Desperate to keep up with the shift in consumer demand, newspapers and magazines have either dipped their toe into the sea of tabloid journalism or simply dived right in. The result has been a blurring of what is “in the public interest” and what is “interesting to the public”.
So, what is the difference? The former is limited to anything that pertains to the prevention or exposure of criminal activity, something that threatens national security or the health and welfare of the public, or something that prevents the public from being misled by an individual or organisation. The latter is anything that helps consumers get their rocks off.
Example: if a high-profile CEO of a bank is indicted for fraud, it’s in the public interest. If the same banker has an affair, it’s simply interesting to a public craving to gorge themselves on tales of lascivious behaviour. The former demands inquiry, the latter is a personal matter and deserves a terse ‘no comment’.
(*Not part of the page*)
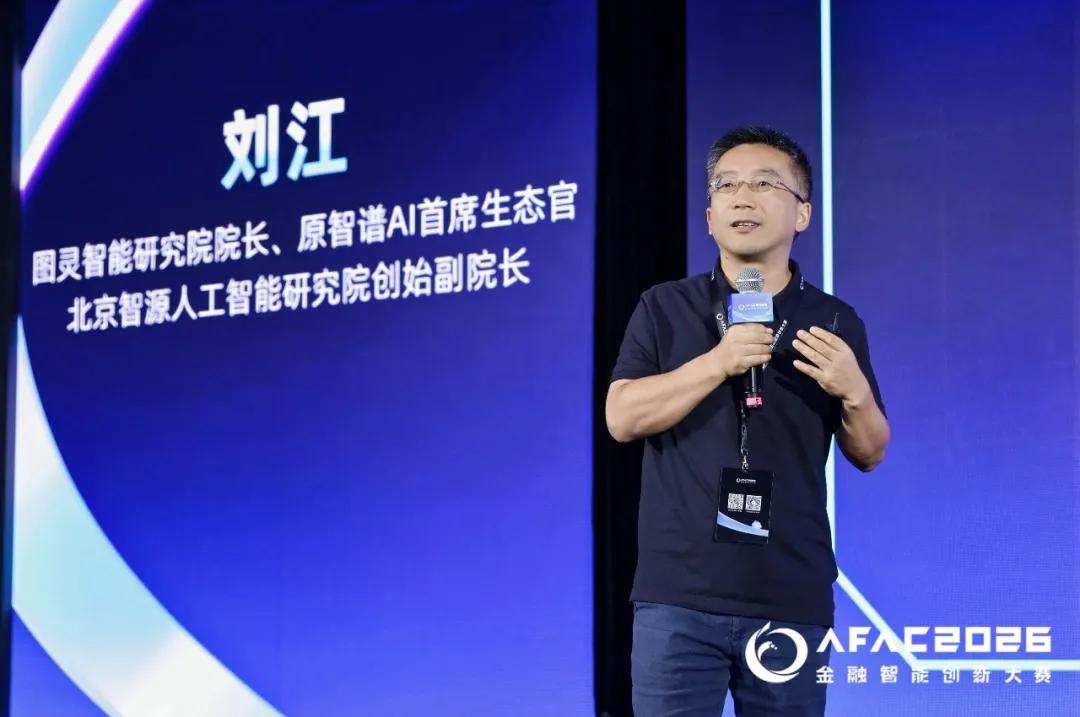 看见与被看见：AFAC2026总决赛的AI金融群像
Certain elements of the press try and get around this by saying that someone – even in business – is a ‘public figure’. This suggests that they are either owned by the public or owe the public some measure of gratitude, and therefore intrusion into their private life is justifiable payback. However, even if this argument had some merit, it falls flat by virtue of the fact that if a person is a ‘public figure’, it’s invariably only because the very same press has decided, unilaterally, to anoint them as such.
There are exceptions, of course: self-promoting ‘celebrities’ who wilfully court the press to polish their profile can hardly deny the same press access when they tarnish their own reputation with aberrant behaviour. In politics, people who run for public office are obviously accountable to the public, and characters who claim to represent the ‘people’, must be prepared to allow the ‘people’ access to them.
However, even the most obdurate, beguiling, attention-seeking political figures are entitled to some degree of privacy. After all – and here’s the twist – if we don’t temper our intrusion into their lives we risk appearing completely shallow and rapacious ourselves.
So what does this mean for you? It means that if someone from the media ever approaches you, and starts digging into your personal life, ask them if it’s in the public interest or simply interesting to the public. If they flinch, you’ll know they know you’re savvy, and they’ll proceed with caution. If they claim ‘public interest’, demand how. If they can’t, then say, “it’s a personal matter, and so I am not obliged to provide any comment”.
If they can, then I’m afraid you’re on your own.